1
$\begingroup$

According this thread some hyperparameters are independent from each other while some are directly related.

One of the answers give an example where two hyperparameters affect each other.

For example, if you're using stochastic gradient descent (that is, you train your model one example at a time), you probably do not want to update the parameters of your model too fast (that is, you probably do not want a high learning rate), given that a single training example is unlikely to be able to give the error signal that is able to update the parameters in the appropriate direction (that is, the global or even local optimum of the loss function).

How would someone creating a neural network know how the hyperparameters affect each other?

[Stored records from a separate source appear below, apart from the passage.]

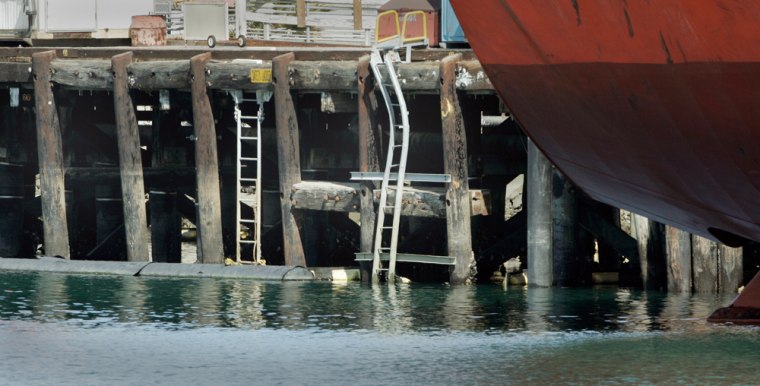 A pier at a Valero oil terminal at the Port of Los Angeles shows damage to ladders and so-called "sacrificial" pilings designed to be replaced.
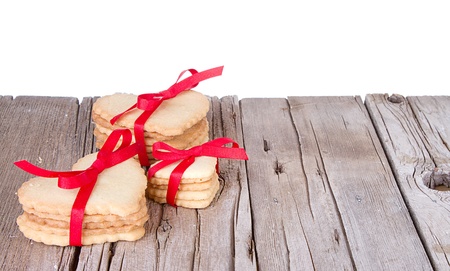 Heart shaped sugar cookie tied with red ribbon on wooden backgroundの写真素材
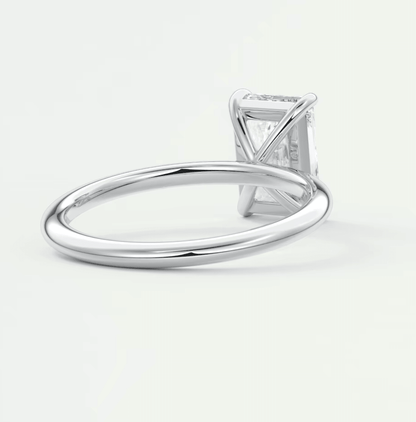 18-karat white gold solitaire engagement ring with a princess-cut diamond.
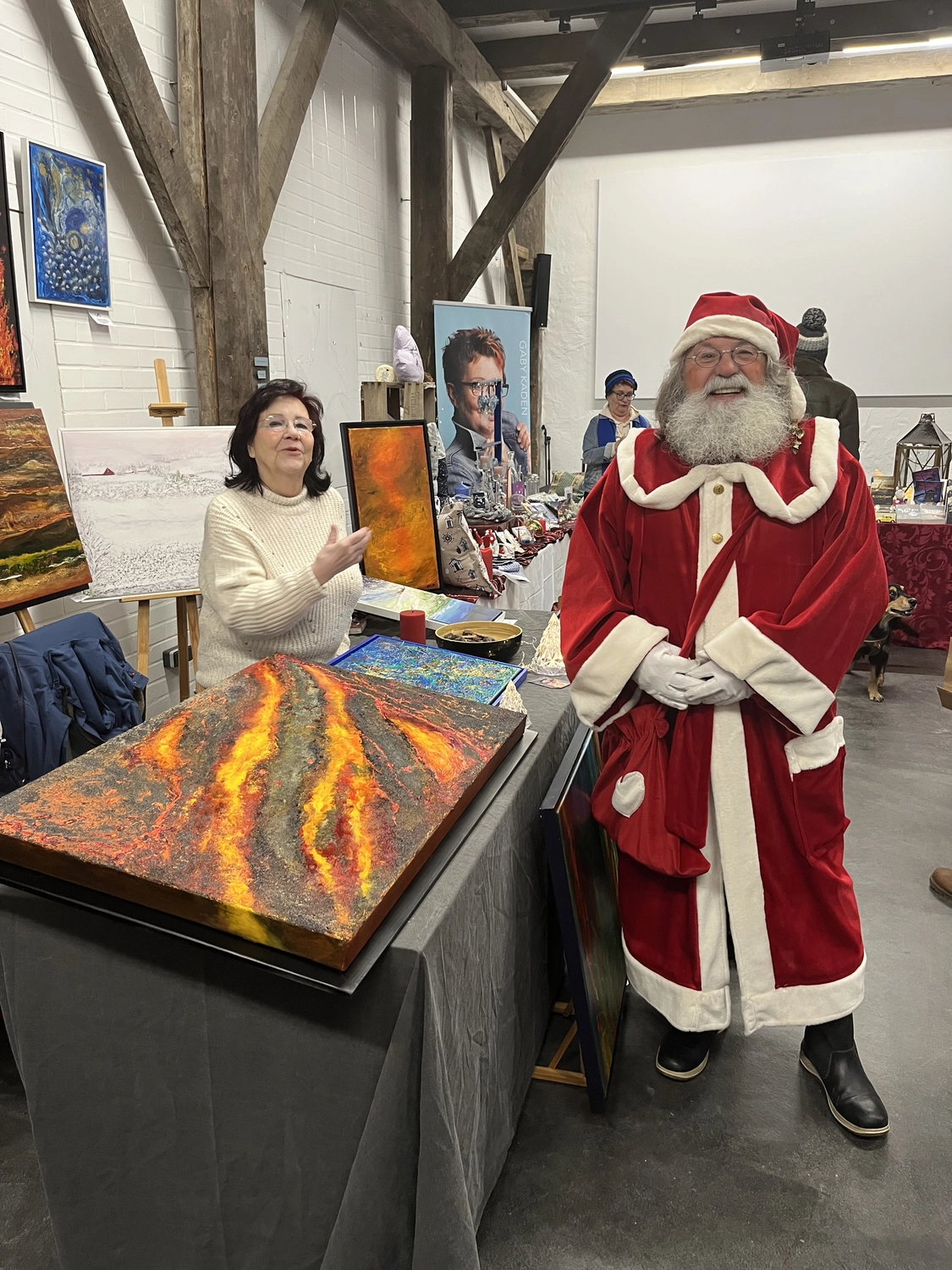 Hannelore Drees-Kiefhaber - Acrylmalerei von der Nordseeküste - Hinter einem Kunsttisch, auf dem ein farbenfrohes, abstraktes Gemälde ausgestellt ist, steht eine Frau neben einem Mann, der als Weihnachtsmann verkleidet ist.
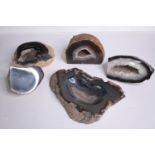 A collection of four Agate geodes and geode slices along with a carved agate ashtray. H.27 W.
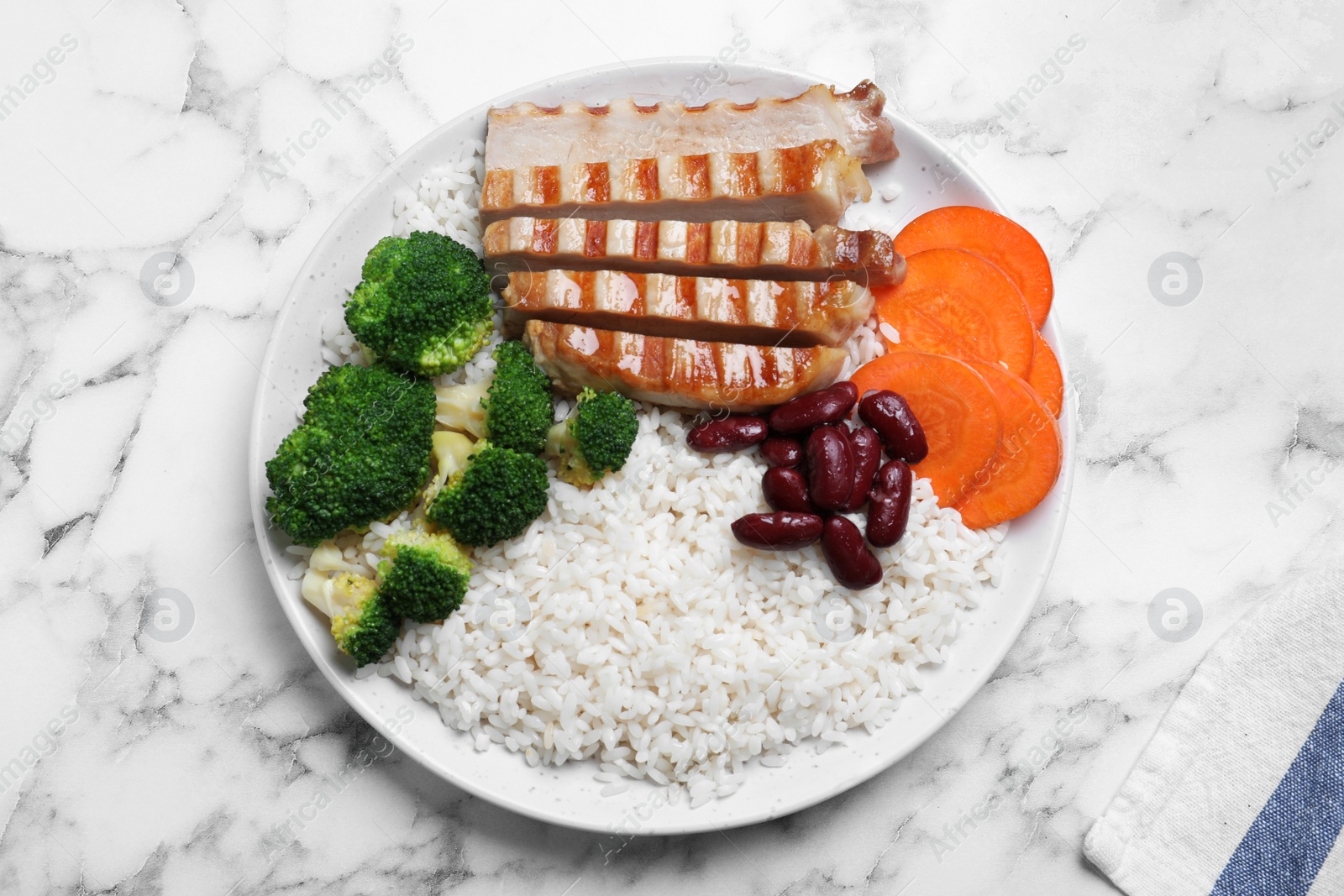 Photo of Delicious rice with beans and meat served on white marble table, top view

In other words, what are the heuristics for hyperparameter selection when trying to build a robust model?

$\endgroup$

1 Answer 1

1
$\begingroup$

This is one of the most difficult and unsolved problems in machine learning and deep learning!

There are many different ways to estimate the most appropriate hyper-parameters, such as grid search, random search, Bayesian optimization, meta-learning, reinforcement learning, and evolutionary algorithms (e.g. NEAT).

However, the problem is that most if not all these approaches are typically not very computationally efficient if your model isn't anything but very small. The number of possible configurations of the hyper-parameters is very large. If you don't have good computational resources (e.g. GPUs and powerful servers), you probably out of luck or require some days to get some insight.

In certain cases, it is obvious that certain hyper-parameters are dependent on each other, e.g. in the case of the batch size and the learning rate, because we have some decent understanding of gradient descent, but, in other cases, the situation isn't so nice.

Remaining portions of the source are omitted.